I came up with 'map-window' which implements a sliding window across the input sequence and applies a block of code to each subset in turn. The code to implement the moving average is then:

[ mean ] map-window

Which is clearly a much cleaner implementation of SMA.

Before I continue I should mention that I could also have written the map-window abstraction in javascript (javascript has good higher order function facilities), but the point of this post is that factor forced me to come up with the approach.

Once I'd had the 'map-window' idea I could easily see how to compute the moving average. I also had an idea of how I could build map-window using 'head' and 'tail', or at least I had enough of an idea to motivate my trying it.

Ok, so here's my full implementation for comparison with the javascript:

: window ( seq start window-width -- subseq )
    [ 1+ head ] dip short tail* ; 

: map-i ( seq quot: ( seq i -- elt ) -- seq' )
    [ dup length ] dip with map ; inline

: map-window ( seq window-width quot -- seq )
    '[ _ window @ ] map-i ; inline

: sma ( seq period -- seq' ) 
    [ mean ] map-window ;

To my eyes the factor implementation is quite a bit more complex than the javascript one, at least consumed in its entirety. This might be because the concept of a for-loop is deeply engrained in my brain whereas the Factor implementation invents both map-i and map-window to build sma.

However the individual parts of the factor implementation are both generic and composable, and once you know what each bit does the whole thing pretty elegantly describes itself.

A big advantage to all this abstraction is that when you discover an implementation pattern occuring more than once, the chances are that the pattern is already factored out to some extent and is ripe for reuse with very little modification. I find this makes refactoring quicker and easier than with python and keeps the codebase relatively lean. This in turn means that the codebase doesn't drag as much as it gets bigger. The tradeoff is that I spend more time upfront finding and creating abstractions in the first place.

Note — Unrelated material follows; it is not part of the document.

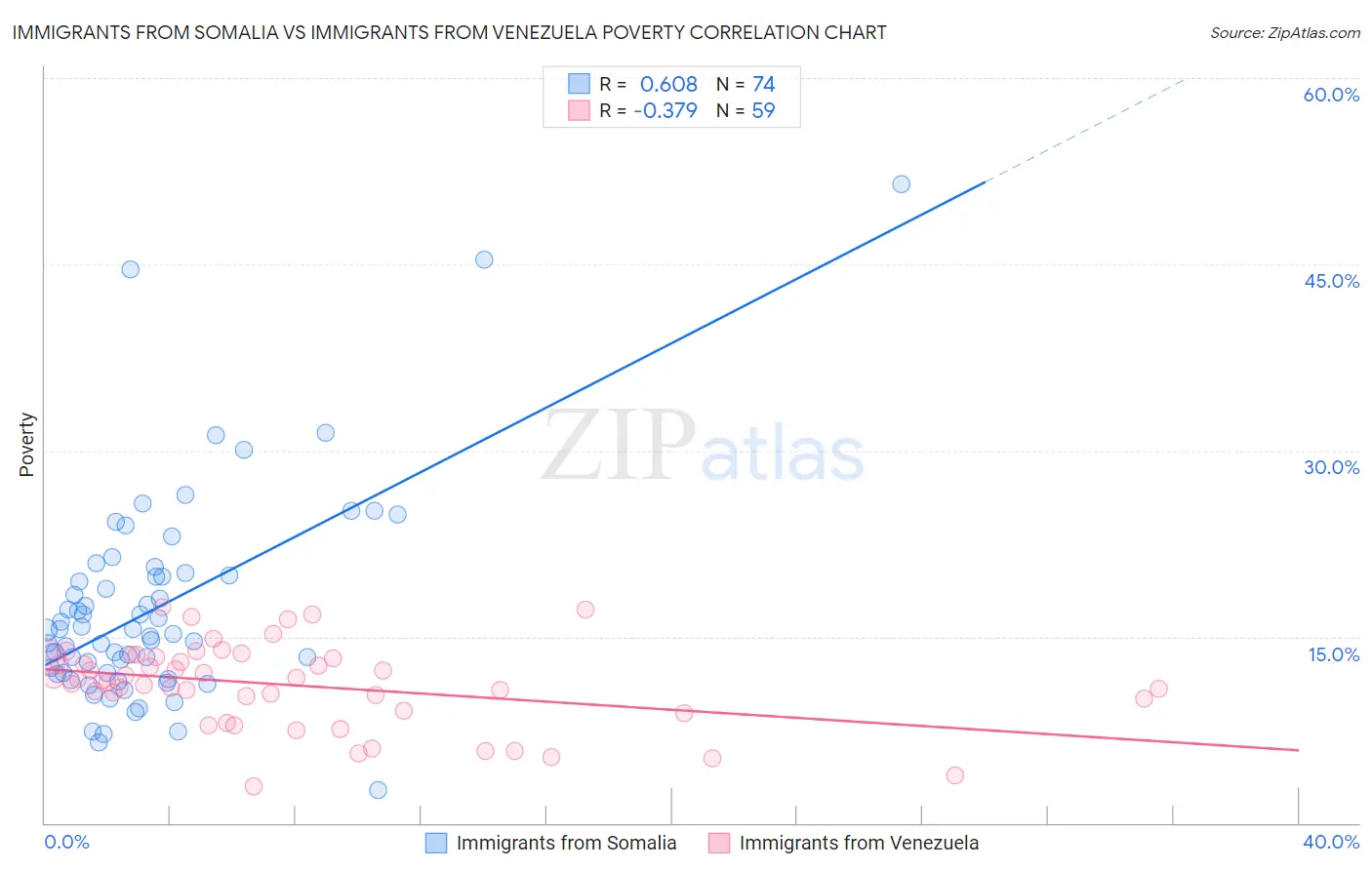 Immigrants from Somalia vs Immigrants from Venezuela Poverty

Of course if the right abstractions already exist then coding performance is improved dramatically. e.g. if map-window had already existied then sma would have been a slam dunk. I'd assume that as the factor library improves the likelyhood of this happening will increase, maybe at the expense of more time required to learn the core vocabularies. Programming in factor is already more about the libraries than the native language and I'd imagine this trend will continue, especially when you consider that in a lot of cases the libraries implement the core language.

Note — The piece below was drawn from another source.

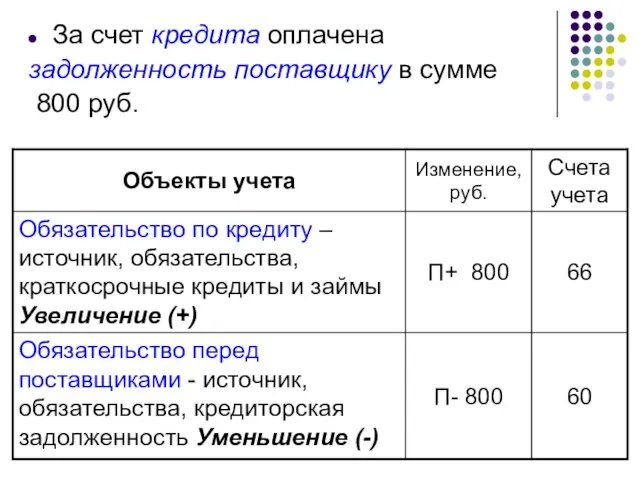 За счет кредита оплачена задолженность поставщику в сумме 800 руб.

Aside: I was surprised to discover last year that genuinely new and important stack language abstractions like 'fry' and the cleave/spread combinators were only just being conceived, despite Factor being quite a few years old and stack languages in general being many decades old. When you consider that very few languages actually 'invent' new features this makes Factor quite an interesting language in itself. Also interesting is that apart from a small bootstrapping core, the factor language is actually implemented in libraries meaning that anybody can build and experiment with new language constructs.

Anyway I'm diverging from the subject so I ought to sum up. The takeaway is: Whereas other languages provide the ability to create good abstractions, Factor pretty much forces you to create good abstractions because it is so bloody difficult to write any code without them.

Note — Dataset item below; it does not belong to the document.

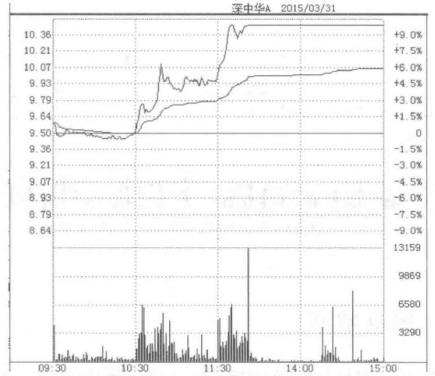 看懂股票盘口语言,初学股票入门盘口语言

Update: During writing this post I realised that what I'm doing with map-window is actually very similar to an abstraction in the factor library called <clumps> which constructs a virtual array of overlapping subsequences. That's the nature of factor programming: you keep finding that somebody else has built a similar abstraction to yours and it would have saved you a ton of time if only you'd realised!

  • Factor actually has support for efficient lexical local variables via the 'locals' vocabulary (library), which is a pretty impressive feat. However I only tend to use this when the problem I'm solving doesn't factor well (or sometimes temporarily out of desperation when I can't come up with the right abstraction).